I hate hate hate baggy jerseys and short shorts. Women's athletic wear should fit athletic women, yes? And should cover the parts that are most likely to get scraped up. I also totally agree with rt on the silliness of light, easily stained mountain bike clothes. It's like white shirts for toddlers, dumb! <-- Hey, that's the women's perspective part kicking in, eh? 
As to bike frames and parts, I personally dig black bikes and black or grey parts. My road bike is clear coat carbon fiber, my Turner is black. Mebbe that's just me, though.


----------



## formica (Jul 4, 2004)

I"m with these gals in that pink is not the be all to end all of feminine fashion, unless you are 6 years old. My bike is blue and I have a collection of blue, closeout/sale items and custom made items that is a real mishsegosh of color and design.

I do like to do the pink/bright/flower/color coordinated thing on rare occasion, but only as a joke ( example, sock guy "hottie" socks, or weasring matching sock, shorts and jersey when I go lift served DH)) . Sort of the "the more annoyed you are the more fun it is for me" type of thing.

I'm with the majority here in that fit and function and generally appealing things are more important than "feminine". We need things cut for women, not just men's stuff cut down. And, we want the same things guys wear. And, the same kind of selection. I get so sick of catalogs with 5 pages of mens' clothing, and one for women, with just two pastel and one flower jersey to choose from.


> I'll use Fox products as an example. Very cute, but not always well fitted or functional. They must not have any athletic women to get measurements. The openings to the arms are always restricting (hey, just cause I have rigid ss arms doesn't mean I'm "burly"), and the clothing always runs rather small. It's almost as though they only want the perfect girls to wear their clothing. Some of their stuff makes me feel downright fat! And this is coming from a women who wears anything from a size 1 to a size 4, depending on the brand. As far as functional, I have an issue with their cute but useless baggies, pathetic chamois. They can put a decent one in the men's, but to put lesser in the women's is saying, "Women don't really ride, they are just eye candy on the trail."


I don't know what company you are researching for, but get a decent fit model!!!! And remember that there are a lot of women out there who are not stick people. We have muscular athletic bodies. There are a lot of women out there who ride who are not small who want nice bike things too without having to buy men's.

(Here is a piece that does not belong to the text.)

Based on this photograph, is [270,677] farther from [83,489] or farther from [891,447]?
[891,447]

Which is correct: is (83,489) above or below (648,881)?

Fabric, don't be chintzy and make sure you are using appropriate fabrics for the end design use. Example... my pal just bought a long sleeved DH style FOX jersey, ($79) and the fabric snags just by breathing on it..! You'd think FOX would know better assuming that their DH style clothing is supposed be to worn over armor with velcro on i and worn out in the woods. Bonehead design moves like this do not generate product loyalty or repeat purchases.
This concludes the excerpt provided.